- [What to do]:
Word for word, set down the lines from the one that holds "Amazon.com: Chainsaw Clutch" through the final line of the listing below, and exclude every picture.

Provided data: Begin

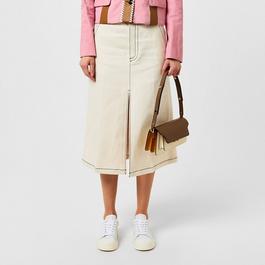 Marni Denim Midi Skirt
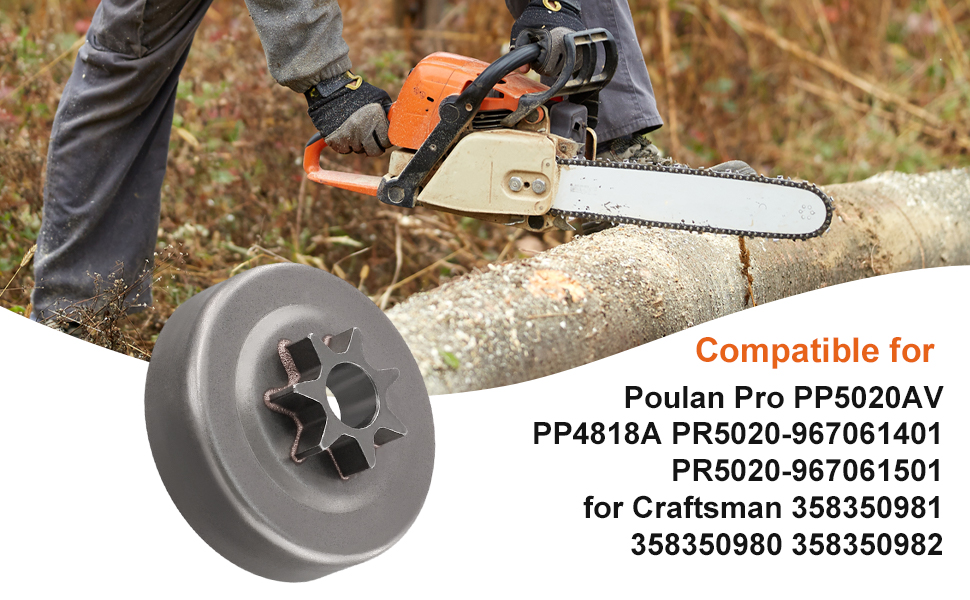 Amazon.com: Chainsaw Clutch Drum Kit,325-7T Sprocket Assembly For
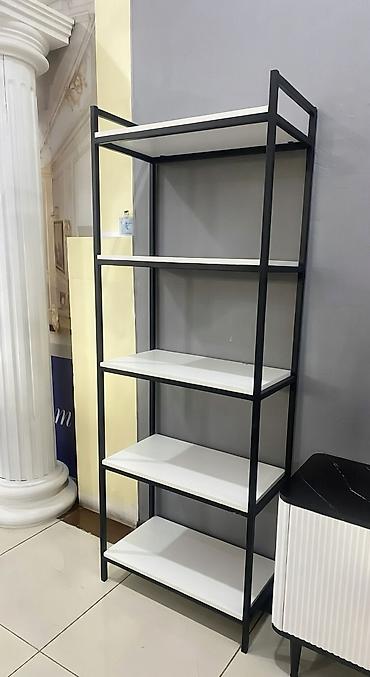 Стеллажи: Металлический стеллаж в современном стиле лофт - Конструкция: прочная — 3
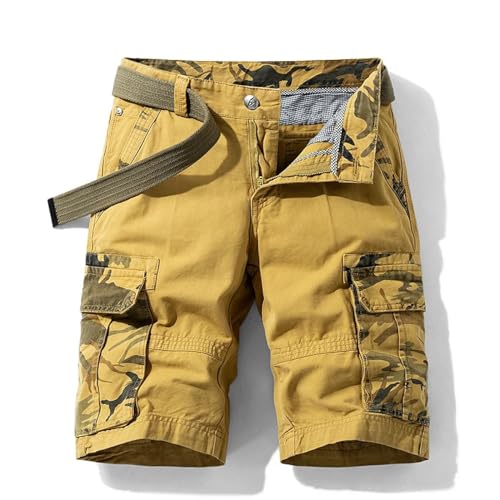 WOYUANSHA Shorts Kurze Hose Männer Camouflage Shorts Herren Baumwolle Strand Multi Pocket Shorts Mann Casual Jogger Shorts Männlich 32 Khaki WOYUANSHA Shorts Kurze Hose Männer Camouflage Shorts Herren Baumwolle Strand Multi Pocket Shorts Mann Casual Jogger Shorts Männlich 32 Khaki von WOYUANSHA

Provided data: End

- [Problem solution]:
 Amazon.com: Chainsaw Clutch Drum Kit,325-7T Sprocket Assembly For
 Стеллажи: Металлический стеллаж в современном стиле лофт - Конструкция: прочная — 3
 WOYUANSHA Shorts Kurze Hose Männer Camouflage Shorts Herren Baumwolle Strand Multi Pocket Shorts Mann Casual Jogger Shorts Männlich 32 Khaki WOYUANSHA Shorts Kurze Hose Männer Camouflage Shorts Herren Baumwolle Strand Multi Pocket Shorts Mann Casual Jogger Shorts Männlich 32 Khaki von WOYUANSHA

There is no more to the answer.